Plausible, at any rate.
“Go take your shower,” he said then. “I’ll make coffee.” I started to turn, but then he said, “Wait! One quick thing!”
And then he was beside me, no shirt, no shoes, and he was wrapping his arms around me and the blanket. He pressed his face into my hair at the crook of my neck. “Thank you,” he said then. “For everything.”
* * *
THE GUYS DID not suspect us.
If they had, they would have teased us mercilessly. I waited for it all day, but it never happened.
So I just did what I do best: ignored the rookie and did my job.
It was a week before Owen would have a chance to talk to his dad, so we’d have at least two full shifts of doing this before anything changed. Whatever “this” was. It wasn’t dating, that was for sure. I’d forbidden him to come near me again until this whole situation was resolved. I guess we were just keeping a shared sec
ret. Or maybe nurturing a mutual crush. Or having flashbacks—luxurious, shocking, delicious flashbacks—of that glorious night in my attic room and the way the breeze had ruffled the pom-pom curtains.
Or maybe quietly, without even doing anything at all, we were just making each other happy.
It was weird to feel happy—especially when there was so much trouble and sorrow around us. But I just couldn’t seem to help it.
So I let it be what it was. I let it alter my experience of being on shift in ways that didn’t matter and ways that did. I was supposed to be a robot, but I’d become the opposite of that. Instead of metal and machinery inside my rib cage, it was music and motion and color. It was grief about my mother, and euphoria about Owen, and hope for the future and regret for the past—all swirling together in some relentless symphony.
Distracting.
I wasn’t sure it made me bad at my job, though.

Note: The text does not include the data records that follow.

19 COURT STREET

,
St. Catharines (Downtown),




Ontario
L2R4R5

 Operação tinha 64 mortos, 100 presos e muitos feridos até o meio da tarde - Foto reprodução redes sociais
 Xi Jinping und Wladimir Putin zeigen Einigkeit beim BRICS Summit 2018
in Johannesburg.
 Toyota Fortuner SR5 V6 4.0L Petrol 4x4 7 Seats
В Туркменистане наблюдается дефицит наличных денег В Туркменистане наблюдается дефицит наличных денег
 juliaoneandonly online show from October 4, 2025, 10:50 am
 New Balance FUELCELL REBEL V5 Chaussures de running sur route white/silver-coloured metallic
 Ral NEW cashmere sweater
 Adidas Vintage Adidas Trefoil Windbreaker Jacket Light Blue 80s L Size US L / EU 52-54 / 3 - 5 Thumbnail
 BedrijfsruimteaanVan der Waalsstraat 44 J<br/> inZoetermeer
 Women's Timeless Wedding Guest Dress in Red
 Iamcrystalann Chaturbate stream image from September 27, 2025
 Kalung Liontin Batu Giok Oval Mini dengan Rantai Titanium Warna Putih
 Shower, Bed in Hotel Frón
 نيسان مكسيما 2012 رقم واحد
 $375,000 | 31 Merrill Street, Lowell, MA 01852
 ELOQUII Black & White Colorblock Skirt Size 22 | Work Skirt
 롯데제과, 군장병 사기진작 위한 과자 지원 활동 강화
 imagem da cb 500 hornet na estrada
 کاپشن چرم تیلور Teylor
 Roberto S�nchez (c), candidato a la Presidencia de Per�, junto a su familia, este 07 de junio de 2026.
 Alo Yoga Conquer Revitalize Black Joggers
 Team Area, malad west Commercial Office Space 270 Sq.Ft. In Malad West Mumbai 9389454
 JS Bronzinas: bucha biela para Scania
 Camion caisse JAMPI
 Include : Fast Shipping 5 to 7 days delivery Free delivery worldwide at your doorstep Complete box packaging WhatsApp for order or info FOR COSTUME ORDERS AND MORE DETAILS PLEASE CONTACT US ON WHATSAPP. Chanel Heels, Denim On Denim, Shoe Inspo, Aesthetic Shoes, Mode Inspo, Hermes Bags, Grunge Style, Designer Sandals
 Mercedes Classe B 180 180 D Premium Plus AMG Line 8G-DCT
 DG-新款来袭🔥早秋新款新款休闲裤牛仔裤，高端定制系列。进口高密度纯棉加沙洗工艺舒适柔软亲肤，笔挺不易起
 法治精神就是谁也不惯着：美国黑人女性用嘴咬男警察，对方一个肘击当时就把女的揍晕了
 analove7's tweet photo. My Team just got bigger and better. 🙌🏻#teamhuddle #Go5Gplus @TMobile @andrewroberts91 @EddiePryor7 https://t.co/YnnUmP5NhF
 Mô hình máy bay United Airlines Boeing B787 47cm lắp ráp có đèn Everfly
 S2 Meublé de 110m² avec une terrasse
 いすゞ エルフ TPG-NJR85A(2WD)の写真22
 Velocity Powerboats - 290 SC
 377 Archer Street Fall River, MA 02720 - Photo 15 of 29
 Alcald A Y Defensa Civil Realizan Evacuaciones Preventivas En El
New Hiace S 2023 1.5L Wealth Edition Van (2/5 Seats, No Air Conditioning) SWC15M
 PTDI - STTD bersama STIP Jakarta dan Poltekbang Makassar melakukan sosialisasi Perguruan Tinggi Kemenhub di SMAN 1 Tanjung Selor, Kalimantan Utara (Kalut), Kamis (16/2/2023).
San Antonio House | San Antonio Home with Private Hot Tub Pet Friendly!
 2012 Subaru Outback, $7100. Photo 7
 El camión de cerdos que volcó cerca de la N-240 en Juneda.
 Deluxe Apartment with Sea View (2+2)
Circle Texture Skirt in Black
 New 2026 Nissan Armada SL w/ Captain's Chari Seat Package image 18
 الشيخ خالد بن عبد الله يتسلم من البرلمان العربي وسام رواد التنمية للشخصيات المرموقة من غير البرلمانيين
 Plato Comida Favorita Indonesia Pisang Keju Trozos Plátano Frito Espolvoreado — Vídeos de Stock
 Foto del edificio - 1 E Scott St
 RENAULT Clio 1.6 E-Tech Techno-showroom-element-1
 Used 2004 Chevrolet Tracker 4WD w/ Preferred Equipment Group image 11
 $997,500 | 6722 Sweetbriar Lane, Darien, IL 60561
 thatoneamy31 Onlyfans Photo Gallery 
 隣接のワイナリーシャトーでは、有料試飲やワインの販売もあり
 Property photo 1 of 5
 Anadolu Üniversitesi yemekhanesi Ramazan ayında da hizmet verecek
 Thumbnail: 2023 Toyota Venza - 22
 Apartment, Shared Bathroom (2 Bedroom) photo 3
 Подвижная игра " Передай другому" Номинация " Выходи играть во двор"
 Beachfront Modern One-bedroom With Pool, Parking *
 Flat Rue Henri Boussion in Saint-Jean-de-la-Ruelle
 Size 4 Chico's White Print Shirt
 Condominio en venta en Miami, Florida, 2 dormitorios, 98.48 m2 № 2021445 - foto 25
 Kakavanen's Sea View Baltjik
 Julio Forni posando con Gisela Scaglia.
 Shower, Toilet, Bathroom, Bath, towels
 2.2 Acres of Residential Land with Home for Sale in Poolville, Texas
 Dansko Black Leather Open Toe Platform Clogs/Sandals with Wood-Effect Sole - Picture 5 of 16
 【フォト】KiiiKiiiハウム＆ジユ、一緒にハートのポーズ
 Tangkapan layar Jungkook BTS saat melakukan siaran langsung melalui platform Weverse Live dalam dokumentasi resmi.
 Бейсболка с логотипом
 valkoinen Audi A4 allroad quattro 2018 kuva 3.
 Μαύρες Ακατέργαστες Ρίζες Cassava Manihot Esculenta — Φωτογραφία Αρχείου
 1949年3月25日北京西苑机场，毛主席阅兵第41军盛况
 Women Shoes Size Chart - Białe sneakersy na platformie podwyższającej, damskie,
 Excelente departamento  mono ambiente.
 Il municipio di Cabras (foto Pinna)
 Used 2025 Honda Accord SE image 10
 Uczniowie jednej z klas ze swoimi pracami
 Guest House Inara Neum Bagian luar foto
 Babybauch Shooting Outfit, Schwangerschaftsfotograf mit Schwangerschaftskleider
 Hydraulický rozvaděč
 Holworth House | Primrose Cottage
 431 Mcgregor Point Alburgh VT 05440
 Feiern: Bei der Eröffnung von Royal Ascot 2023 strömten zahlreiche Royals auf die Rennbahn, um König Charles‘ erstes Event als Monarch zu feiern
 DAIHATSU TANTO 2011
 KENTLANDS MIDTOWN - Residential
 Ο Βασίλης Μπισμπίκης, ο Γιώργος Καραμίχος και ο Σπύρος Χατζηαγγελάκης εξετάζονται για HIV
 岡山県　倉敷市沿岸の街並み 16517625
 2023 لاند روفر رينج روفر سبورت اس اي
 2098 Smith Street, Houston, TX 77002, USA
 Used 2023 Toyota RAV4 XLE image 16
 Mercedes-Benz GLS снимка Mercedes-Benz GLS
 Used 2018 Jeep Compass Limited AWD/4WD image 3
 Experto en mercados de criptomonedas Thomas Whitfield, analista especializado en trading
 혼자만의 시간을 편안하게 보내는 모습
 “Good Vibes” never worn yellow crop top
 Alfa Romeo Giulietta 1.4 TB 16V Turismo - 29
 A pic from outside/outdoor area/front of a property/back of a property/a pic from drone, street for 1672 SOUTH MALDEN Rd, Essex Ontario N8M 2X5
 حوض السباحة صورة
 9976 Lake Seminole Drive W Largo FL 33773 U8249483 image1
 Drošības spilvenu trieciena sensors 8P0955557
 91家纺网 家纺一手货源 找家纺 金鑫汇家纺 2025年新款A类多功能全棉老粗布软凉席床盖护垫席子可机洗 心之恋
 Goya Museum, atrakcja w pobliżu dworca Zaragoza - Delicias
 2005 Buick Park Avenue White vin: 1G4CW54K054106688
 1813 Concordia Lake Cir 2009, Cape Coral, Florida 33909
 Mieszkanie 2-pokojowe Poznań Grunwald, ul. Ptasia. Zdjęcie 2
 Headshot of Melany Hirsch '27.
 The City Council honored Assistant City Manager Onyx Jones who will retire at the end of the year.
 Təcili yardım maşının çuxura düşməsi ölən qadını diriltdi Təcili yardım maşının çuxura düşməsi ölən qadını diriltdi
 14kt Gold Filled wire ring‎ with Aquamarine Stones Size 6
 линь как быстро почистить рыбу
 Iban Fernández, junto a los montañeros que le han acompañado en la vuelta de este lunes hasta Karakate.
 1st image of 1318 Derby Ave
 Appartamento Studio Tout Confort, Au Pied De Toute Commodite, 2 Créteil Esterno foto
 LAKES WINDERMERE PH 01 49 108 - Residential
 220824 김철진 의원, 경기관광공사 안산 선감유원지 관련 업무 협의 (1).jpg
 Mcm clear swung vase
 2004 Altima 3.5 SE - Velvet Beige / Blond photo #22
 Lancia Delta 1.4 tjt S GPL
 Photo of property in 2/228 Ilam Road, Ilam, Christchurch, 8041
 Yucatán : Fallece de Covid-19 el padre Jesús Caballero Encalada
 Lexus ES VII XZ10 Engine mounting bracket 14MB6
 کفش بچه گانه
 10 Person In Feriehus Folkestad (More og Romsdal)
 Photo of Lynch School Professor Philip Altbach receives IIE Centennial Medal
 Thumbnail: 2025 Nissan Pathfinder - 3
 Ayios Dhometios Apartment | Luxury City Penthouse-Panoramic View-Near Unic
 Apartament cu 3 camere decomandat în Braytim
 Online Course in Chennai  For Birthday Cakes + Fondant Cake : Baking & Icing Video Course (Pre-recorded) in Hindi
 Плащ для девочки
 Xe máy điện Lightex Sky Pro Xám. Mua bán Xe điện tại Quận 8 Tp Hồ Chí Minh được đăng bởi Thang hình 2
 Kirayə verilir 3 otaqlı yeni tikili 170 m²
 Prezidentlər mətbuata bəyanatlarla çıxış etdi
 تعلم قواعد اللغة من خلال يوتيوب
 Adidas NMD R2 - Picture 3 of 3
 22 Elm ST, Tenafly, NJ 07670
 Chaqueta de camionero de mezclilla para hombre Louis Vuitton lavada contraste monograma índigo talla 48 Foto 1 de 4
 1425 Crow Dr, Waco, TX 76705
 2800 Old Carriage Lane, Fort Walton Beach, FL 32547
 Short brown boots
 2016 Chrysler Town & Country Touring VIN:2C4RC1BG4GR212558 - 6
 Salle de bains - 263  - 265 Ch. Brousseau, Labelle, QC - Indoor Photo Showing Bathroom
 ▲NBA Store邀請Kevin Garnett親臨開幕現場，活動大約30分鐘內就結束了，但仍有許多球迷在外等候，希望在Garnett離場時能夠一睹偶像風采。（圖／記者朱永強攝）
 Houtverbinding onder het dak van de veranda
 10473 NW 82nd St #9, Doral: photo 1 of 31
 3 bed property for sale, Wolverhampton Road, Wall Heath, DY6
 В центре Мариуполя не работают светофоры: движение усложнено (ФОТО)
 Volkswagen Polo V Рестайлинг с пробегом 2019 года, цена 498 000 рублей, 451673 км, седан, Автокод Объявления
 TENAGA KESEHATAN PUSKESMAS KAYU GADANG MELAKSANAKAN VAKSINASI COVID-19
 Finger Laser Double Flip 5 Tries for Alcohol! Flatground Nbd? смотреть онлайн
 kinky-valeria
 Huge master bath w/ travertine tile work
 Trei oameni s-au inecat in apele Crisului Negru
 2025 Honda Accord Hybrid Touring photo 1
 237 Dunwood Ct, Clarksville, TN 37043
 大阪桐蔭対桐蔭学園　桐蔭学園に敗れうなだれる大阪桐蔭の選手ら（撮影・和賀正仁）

If anything, it seemed to make me better—more committed, more alert. More alive.
It wasn’t easier. It was harder.
But it was better.
I made it through a whole week like that, trying to let everything that had happened soak in and start making sense in my head. It did and it didn’t, and my mom insisted that was okay. That’s just how the heart worked, she said—more in circles than straight lines.
Owen kindly respected my wishes and did not come to see me on our days off.
But he called every night at bedtime.
And I’d lie in my attic bedroom on the phone like the hopeful teenager I’d never really had a chance to be, my bare feet against the window, watching the moon through the curtains for hours, as we talked ourselves to sleep.
* * *
THEN, DURING THE last shift before Owen would explain everything to his dad and officially resign, we got a call for a structure fire.
This was not a little garage fire on the edge of town. This was a grocery store, right in the middle, and a fire that had started in the early hours of the morning and built momentum until sunrise, when the manager witnessed a black column of smoke rising from the roof as he pulled in to work.